Non pas que tout soit parfait. Mais si on tente de déceler un plan idéologique bien dessiné dans les nominations conservatrices depuis 2006, on risque de chercher longtemps.

Ah, mais ça, c'était avant la majorité conservatrice, diront les inquiets...

Toujours est-il que vendredi, deux juges ontariens ont annoncé leur retraite pour le 30 août. Louise Charron, qui n'a que 60 ans, partira après seulement 7 années à la Cour (mais 23 à d'autres tribunaux). Elle en a surpris plusieurs en disant qu'elle quitterait la barque pour profiter de sa retraite avec son mari.

Ian Binnie, nommé directement du barreau torontois à la Cour en 1998, et un des leaders du groupe de neuf, quittera à 72 ans le même jour «ou à la date de la nomination de son remplaçant si le processus de nomination n'est pas achevé».

D'ici novembre 2014, les juges Morris Fish et Louis LeBel, du Québec, prendront obligatoirement leur retraite à 75 ans.

C'est par ailleurs un secret de Polichinelle que Marie Deschamps, qui n'a pas 60 ans, n'entend pas battre de record de durée - elle sera là au moins un an encore, mais on s'attend à la voir quitter d'ici trois ans.

Le juge Rothstein aura 75 ans en décembre 2015. La juge en chef Beverley McLachlin, 68 ans et apparemment encore passionnée par son travail, est tout de même là depuis 1989...

Donc, au moins quatre juges, mais probablement cinq, peut-être six ou même sept partiront pendant le présent mandat conservateur.

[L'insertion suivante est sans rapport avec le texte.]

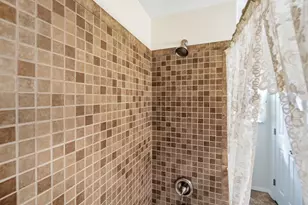 139 Miramar Dr, Enon, OH 45323 - Photo 38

Avant même de savoir qui sera nommé, on se demande quel sera le processus de nomination. Le gouvernement de Paul Martin avait établi un mode assez transparent de sélection, suivi d'une audience de confirmation devant le Parlement, où les députés pouvaient poser des questions aux candidats. Mais l'urgence de trouver un remplaçant à Michel Bastarache avait fait suivre un procédé plus expéditif quand est venu le temps de choisir le juge Cromwell. On est donc revenu à la case départ en la matière. Grand partisan jadis d'un processus transparent, Stephen Harper sera mis à l'épreuve dès cet été...

Dans quel sens ira-t-il? Jusqu'à preuve du contraire, je doute qu'il change radicalement le type de nomination. C'est trop contraire à la tradition judiciaire du pays dont à peu près tous les candidats potentiels sont imprégnés. Les contraintes géographiques rendraient ce projet encore plus compliqué.

Certes, des membres du gouvernement ont montré qu'ils ne comprennent pas vraiment ce que l'indépendance judiciaire signifie. Mais c'est jusqu'ici assez anecdotique.

Et il faut dire aussi que la Cour McLachlin est beaucoup plus modérée que celle de ses prédécesseurs, Lamer et Dickson. Plus déférente envers le Parlement et le gouvernement. Et donc moins susceptible de déclencher des campagnes frénétiques pour une politisation, ou un virage conservateur.

Mais dans cinq ans, cette cour sera totalement transformée.